### PROMPT
Transcribe only the stretch of lines that opens with the line containing "Fotografija Blueberry branch" and closes with the last line of the listing, skipping pictures.

### DATA FOR THIS TASK
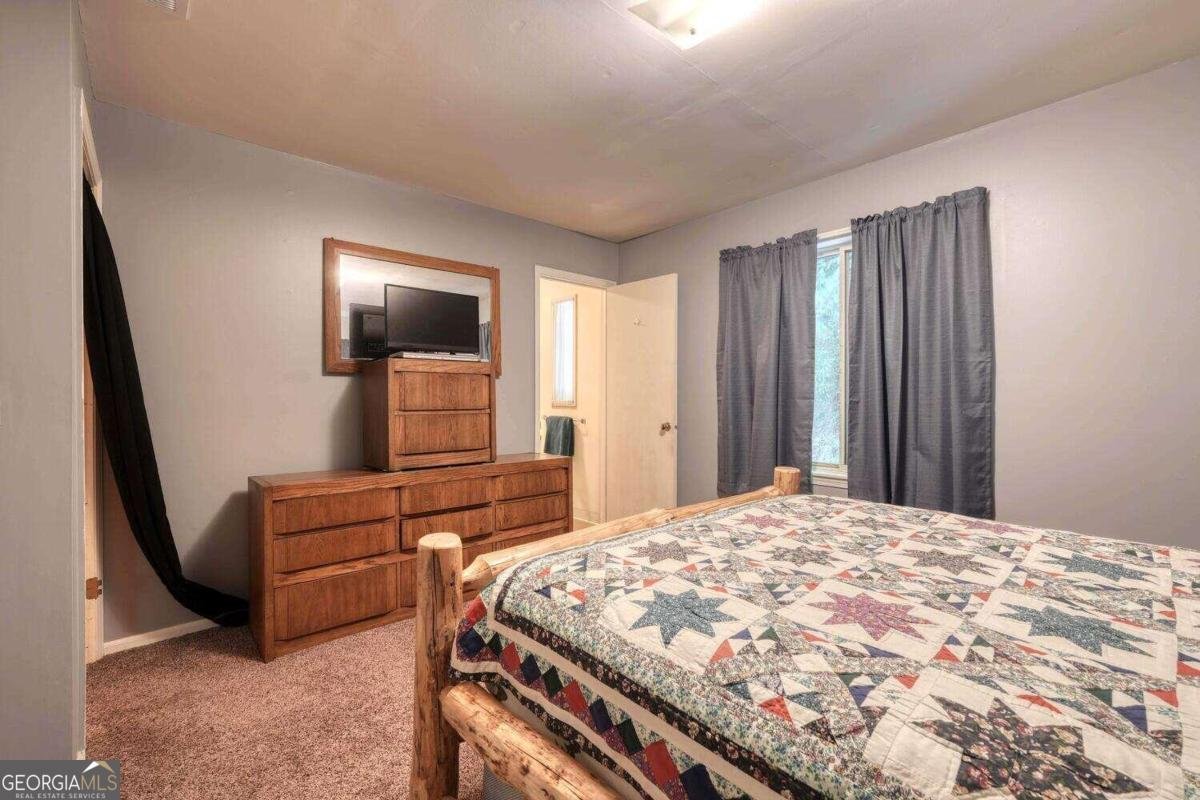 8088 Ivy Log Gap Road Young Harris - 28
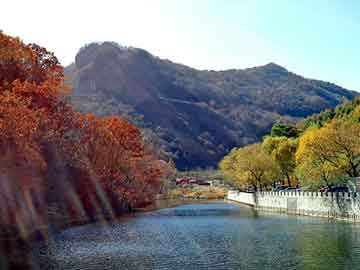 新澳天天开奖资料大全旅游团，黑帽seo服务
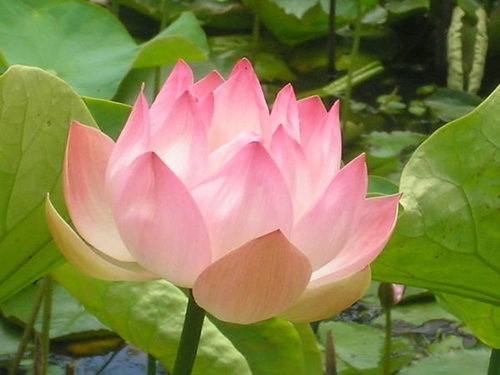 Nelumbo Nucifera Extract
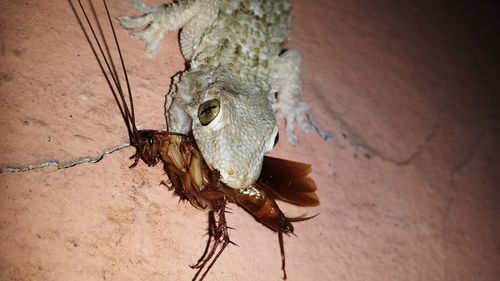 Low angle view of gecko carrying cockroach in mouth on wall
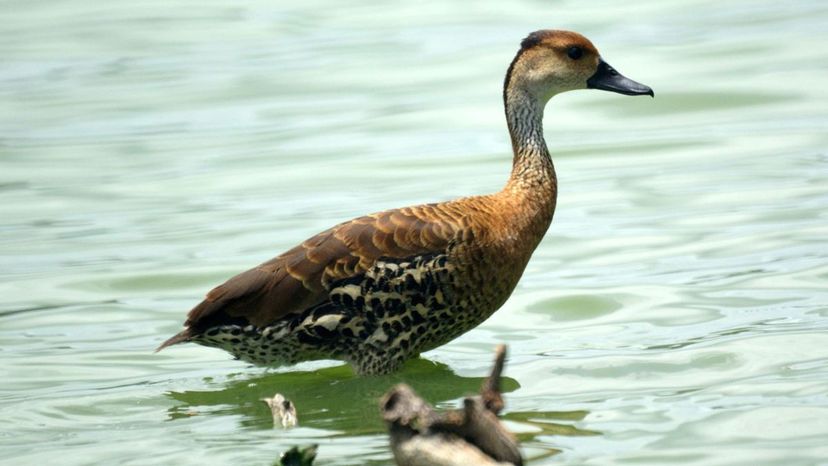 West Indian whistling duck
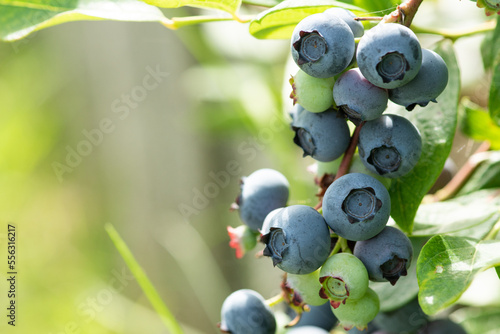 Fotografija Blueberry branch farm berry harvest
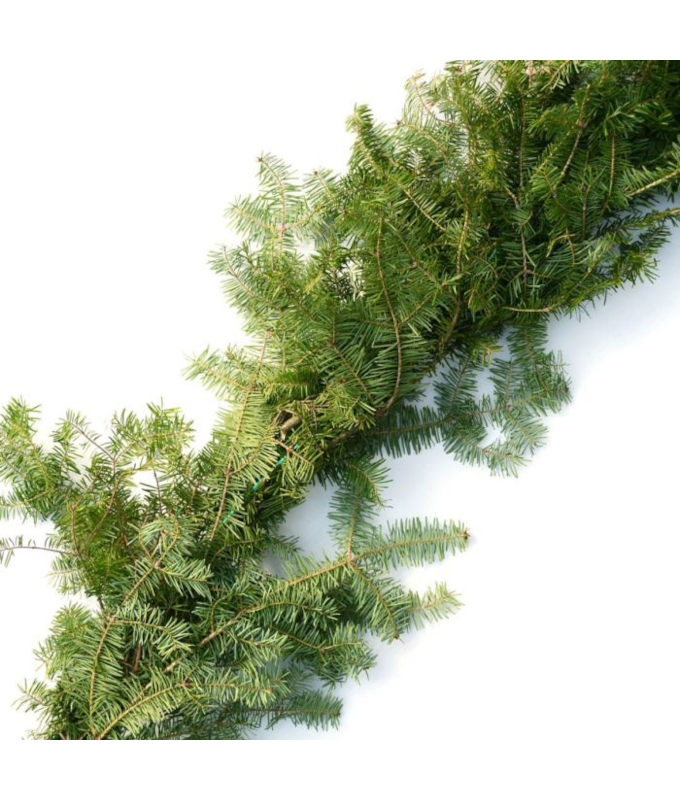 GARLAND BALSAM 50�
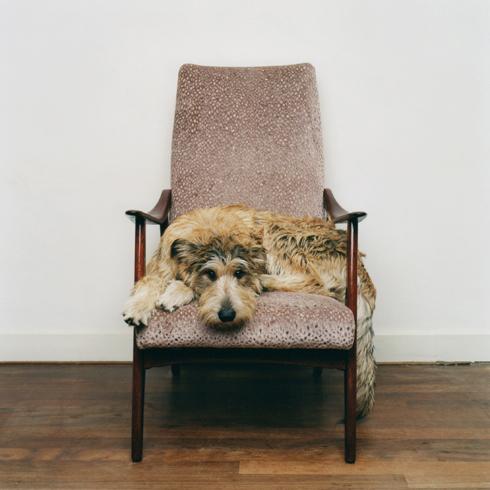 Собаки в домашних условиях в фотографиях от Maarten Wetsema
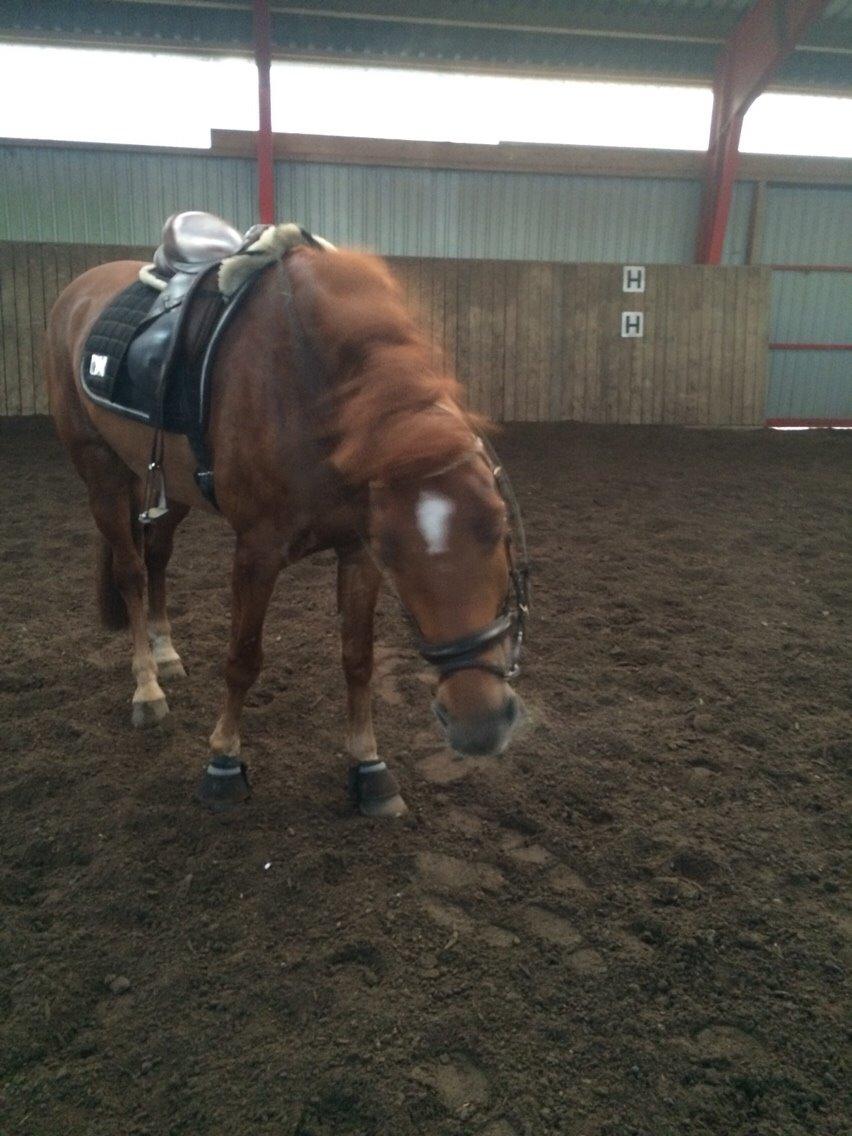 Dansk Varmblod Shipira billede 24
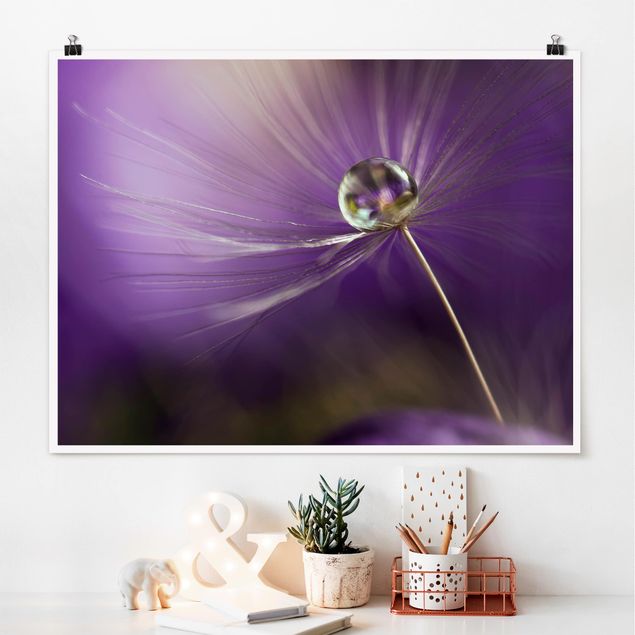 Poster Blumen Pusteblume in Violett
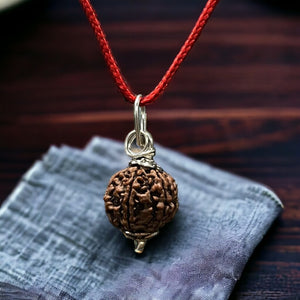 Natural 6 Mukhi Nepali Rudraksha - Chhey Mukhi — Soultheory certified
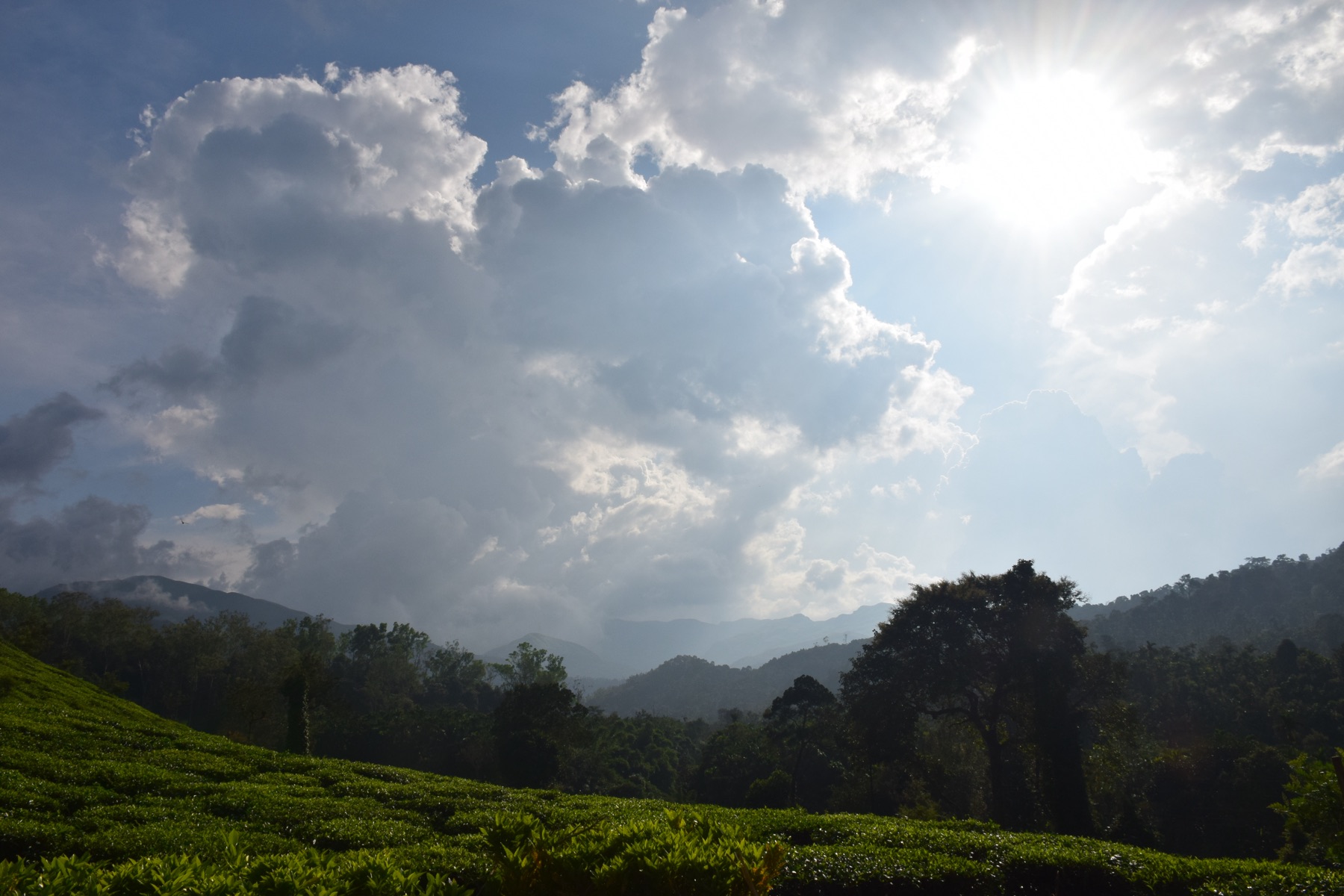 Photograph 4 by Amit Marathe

### TASK OUTPUT
 Fotografija Blueberry branch farm berry harvest
 GARLAND BALSAM 50�
 Собаки в домашних условиях в фотографиях от Maarten Wetsema
 Dansk Varmblod Shipira billede 24
 Poster Blumen Pusteblume in Violett
 Natural 6 Mukhi Nepali Rudraksha - Chhey Mukhi — Soultheory certified
 Photograph 4 by Amit Marathe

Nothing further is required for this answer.